Lessons for Scholars from the Songhai Empire

Conor, about 13, ski jumping. You should watch him now at 21

Hands down, my favorite recent podcast has to be Fall of Civilizations, put together by Paul M. M. Cooper. The episodes don’t come out that often (seems like he got rolling, but it turned into a twice-yearly deal) but they are just amazing. It’s almost like each one is a little book, or novella. And Paul has one of the dulcet, melancholy voices that’s perfectly evocative for his subject matter. I’ve listened to almost all of them, and each one is deeply insightful, and goes far to synthesize with the status quo on why things in a given empire fell apart.

Which is why the subject matter is so relevant today. In the U.S., we seem to be seized up with the idea that somehow our problems, as well as our opposition, are unique, or at least some incarnation of the devil. Nothing could be further from the truth. We are largely in the throes of a large scale revolution in human social dynamics, caused by the shift of timescales brought on by the Internet. As I discussed in this piece, what is truly new is the downshift of geography and proximity as the primary informational organizational principle in our society, due to the Internet. And the primary problems we face are NOT what the mainstream media would tell you — mis- and disinformation. So much of their critique is the fact that the reins of social control are slipping from their hands. The old playbook just doesn’t work.

And then there is the fact that the press is also memetically limited in how they tell their stories. Most of the current MSM seems to be innumerate as well — so the tools, agency and insight necessary to tell stories about how populations are moving around are beyond them. That’s why we get a story about one individual in a nation of 330 million people that’s supposed to move us to tears, as well as reinforce whatever the dominant narrative is. It happens on the Left and Right — and nothing could be more iconic than the ‘Q’ narrative. Most people, if confronted, would have no idea what the actual story is around ‘Q’ — and certainly it hasn’t changed anything by a microscopic fraction of actual politics. Yet extremes on both the Right and the Left are invested in the very idea, even though it’s far from representative of anything resembling a coherent social movement. And so it is amplified, by both supporters and detractors, mostly to show the other side is awful. I’ve written about this extensively here.

A nation that occupies so much of its collective mind with wild stories and superstition is not demonstrating memetically robust behavior, needless to say.

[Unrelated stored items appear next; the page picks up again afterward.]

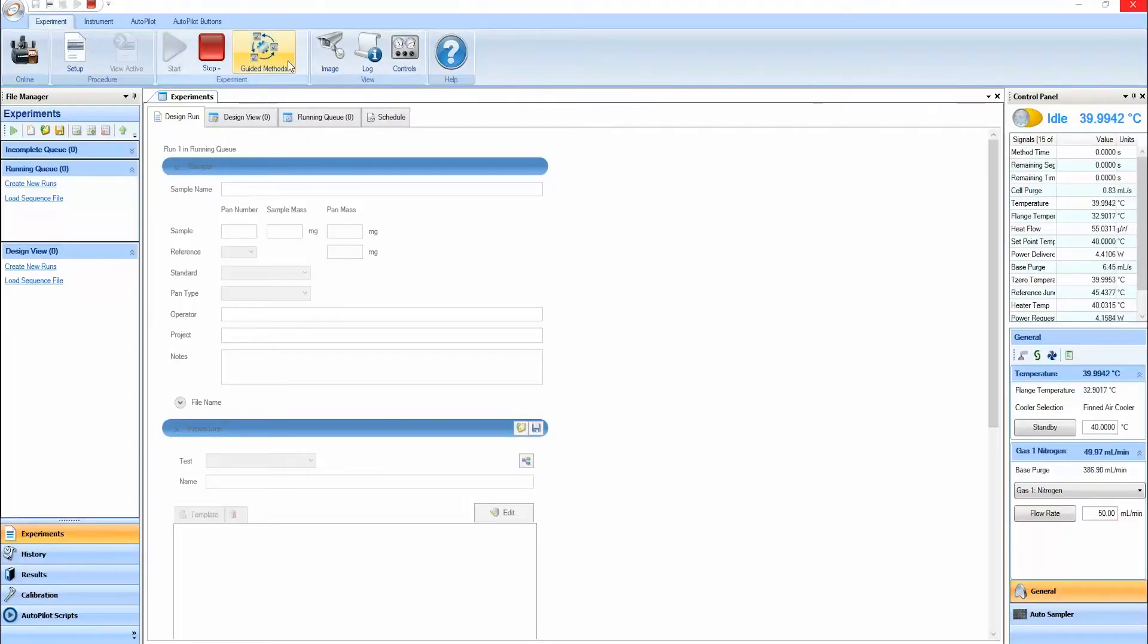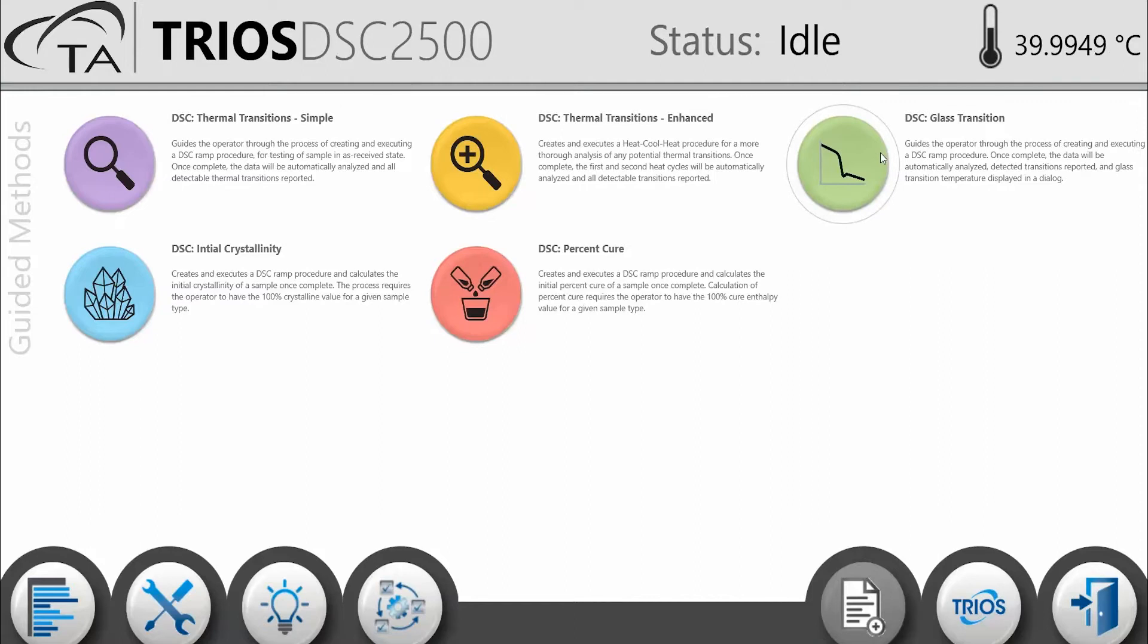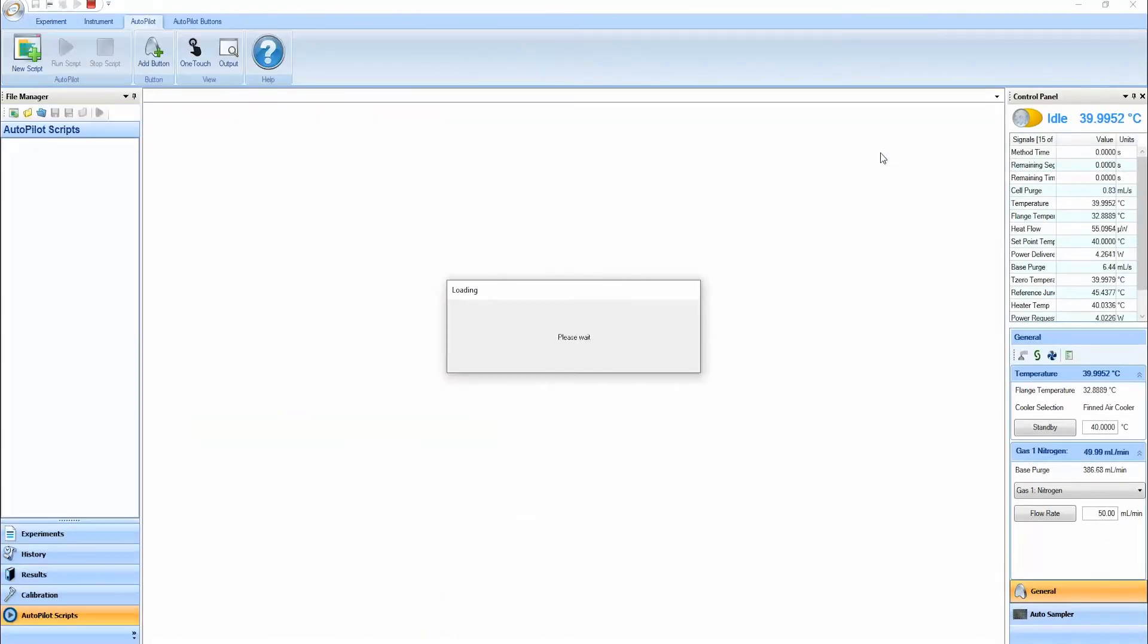In this Tech Tip, we will walk through the features of the DSC Glass Transition Guided Method, a quick way to create a method to determine the TG of a sample.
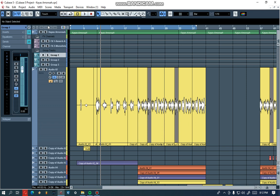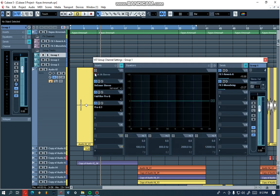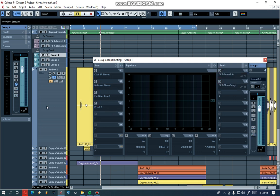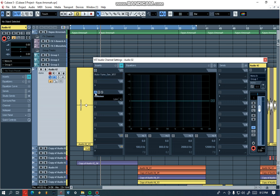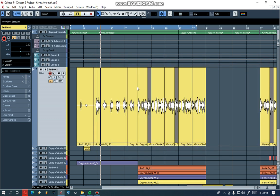I'm going to deactivate everything. This is my group channel, so I am deactivating every plugin from it. Let's play the vocal and see how it's gonna sound.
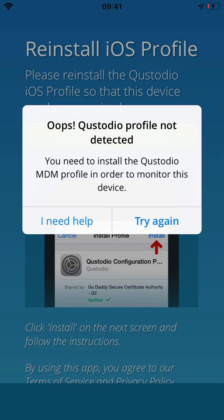Welcome to Custodio. In this video, we will troubleshoot and help you get iOS protection set up on your device.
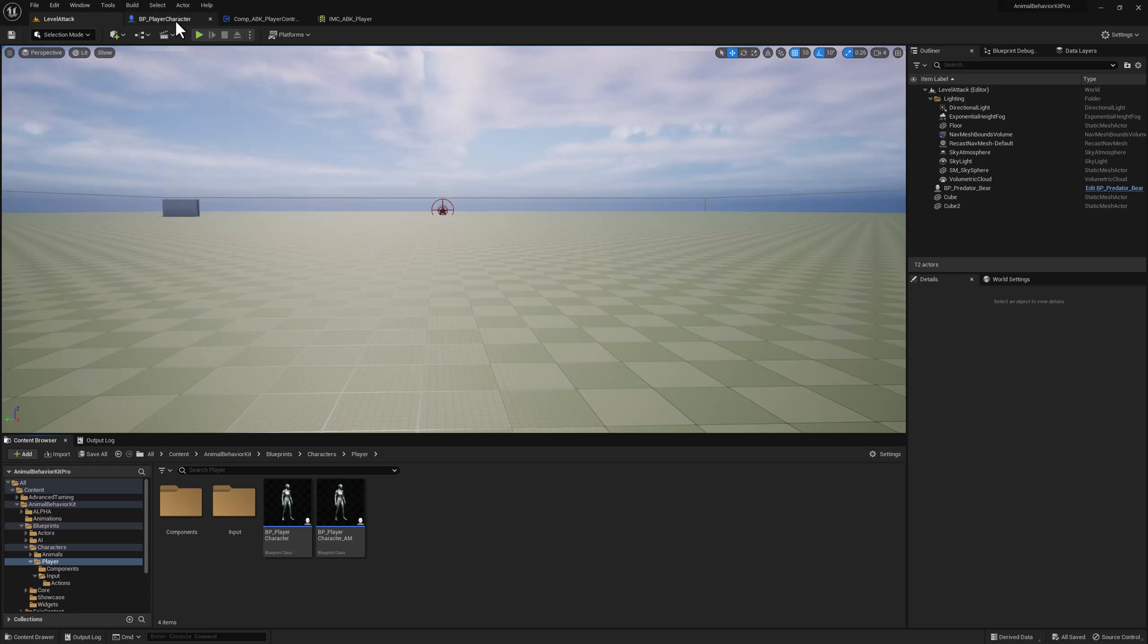Hello and welcome to another Devlog video for the Animal Behavior Kit Pro. Today is going to be a fairly short video. I want to give you a quick update on what I've been working on and everything that is left for the 1.4 update.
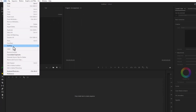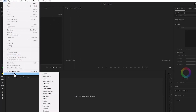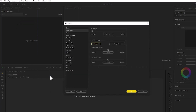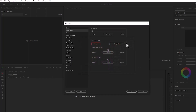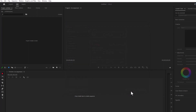I will go to Preferences and Appearance. From here we can change the color as desired. You can see the color change here.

And one of the worst exemplars, especially during the COVID pandemic, has been the behavior of our university system, who have elevated large groups of experts that mostly bully, but also manifest social phobia on a large scale about a virus that really certainly doesn’t affect their main demographic — students — at all, and really isn’t a big threat to its workforce either. It is true we have older faculty members, but if we would follow the script of the Great Barrington Declaration, we could manage that as well. Focus resources on the vulnerable. Sigh…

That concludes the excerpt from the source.